Philippe Jean-Pierre, professeur des universités en sciences économiques : Il faut quand même rappeler qu’une grève n’est pas exceptionnelle. Ces mouvements sociaux témoignent de l’intensité de la crise qui touche La Réunion. Les grèves sont de plus en plus nombreuses et plus dures. Les revendications sont très fortes. Cela montre une opposition entre la partie syndicale et la partie patronale.
On peut dire que La Réunion est en crise. Chaque partie veut en démordre. On observe également que les blocages sont plus récurrents. Conséquence de ces actions : la crise réduit les revenus globaux de l’économie.
Autre point important : les entreprises ne veulent pas être fragilisées et ne veulent pas voir la rémunération de leurs actifs diminuer. De leur côté, les salariés veulent un partage des fruits de leur activité même si ceux-ci sont faibles. Dans ce contexte le partage est difficile.
On assiste à un comportement "jusque boutiste" qui montre les défaillances du système de négociations. Le champ de négociations doit être réinvesti pour une plus grande transparence de la part de tous les acteurs. Le problème aujourd’hui, c’est qu’il y a trop de suspicions.
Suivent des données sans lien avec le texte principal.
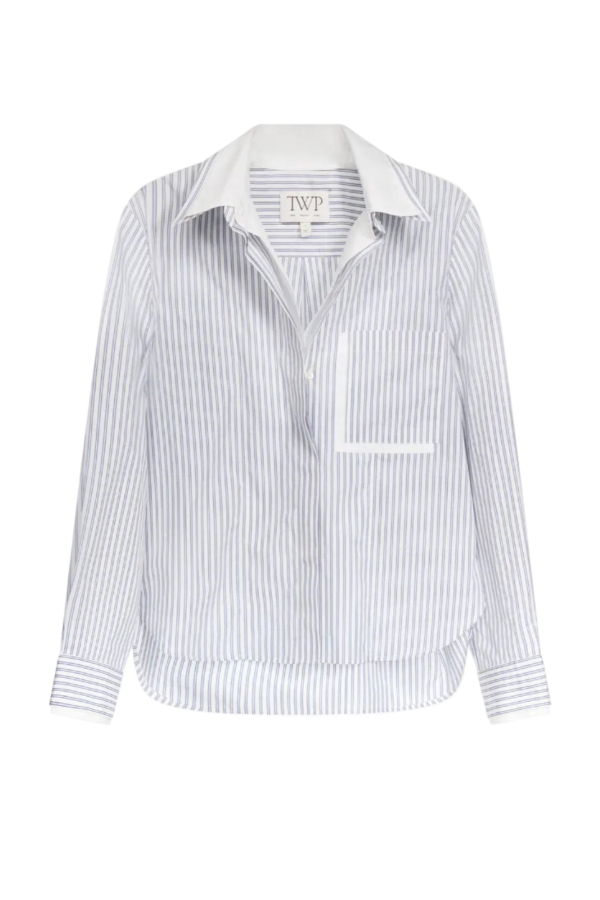 TWP Double Layer Boyfriend Shirt - White / Navy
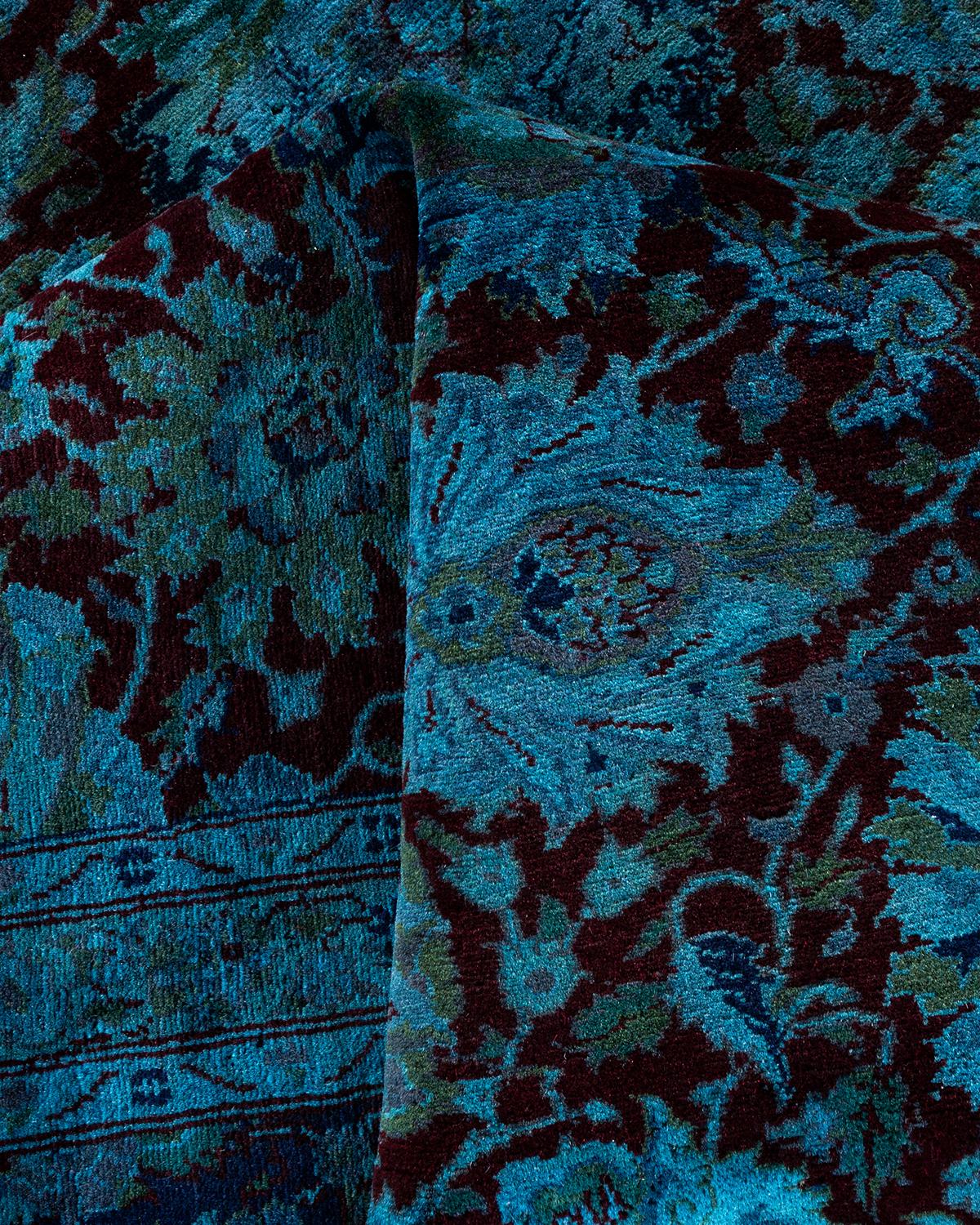 Tapis de sol contemporain en laine surteinte nouée à la main, bleu en vente 1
Il faut comme pour les prix des carburants, un mécanisme institutionnel pour inciter à plus de transparence.
Grève des salariés de l’enseigne Carrefour, grogne des dockers au Port Est, mouvement de protestation des employés de la CILAM, action coup de poing des salariés de Renault... ces conflits sociaux se sont succédés depuis le début de l’année 2013. Y-a-t-il eu un phénomène de contagion ?
Philippe Jean-Pierre : Effectivement, la grande crise qui s’opère et se traduit par des blocages génère un effet "d’apprentissage". On peut parler d’une réaction en chaîne. C’est justement pour éviter ce phénomène de contagion qu’il faut recréer les espaces de négociations.
La résolution des conflits doit se faire dans ces espaces et non dans la rue, qui apparait comme la solution extrême. Il y a une forme de jurisprudence lorsque des personnels grévistes obtiennent satisfaction.
Comment envisagez-vous la suite ? Doit-on s’attendre à d’autres mouvements sociaux dans les semaines/ mois à venir ? Quel impact pour l’économie locale ?
Philippe Jean-Pierre : de manières générale, toutes les entreprises qui vont devoir organiser les négociations annuelles obligatoires seront peut-être exposées. De la même façon, les entreprises amenées à appliquer des mesures d’urgence, de licenciements risquent aussi d’être touchées. Les conflits crispent le climat social.
En ce qui concerne les conflits au Port Est et à la CILAM, le Préfet a nommé des médiateurs pour arbitrer les négociations. Quel rôle doit jouer l’Etat dans ces conflits ?
Philippe Jean-Pierre : L’Etat doit jouer un rôle de régulateur et pallier les défaillances du système de défaillances. Ceci dit, les acteurs économiques doivent faire en sorte de gérer par-eux mêmes la situation. L’intervention de l’Etat - qui symbolise la puissance publique- doit rester exceptionnelle.
Quelles sont les conséquences à court, moyen et long terme de ces conflits sociaux ?
Philippe Jean-Pierre : A court terme, La Réunion risque une perte de richesses. Cette baisse des richesses pourrait fragiliser des pans de l’économie locale et toucher durement certains acteurs (comme les petits éleveurs par exemple).
Autre effet des grèves : ces mouvements donnent une mauvaise image de l’île dont l’économie n’est pas stable. Le risque c’est que l’attractivité réunionnaise ne soit entachée. Les investisseurs peuvent aussi être effrayés par ces tensions sociales.
Ce qui est sûr, c’est que les conflits sociaux ne sont pas bons pour "le marketing territorial" de La Réunion qui est plutôt vue comme "une bonne élève" en temps normal. Les conflits sociaux traduisent un moment douloureux de l’économie. Ils montrent l’importance de recréer les espaces de négociations.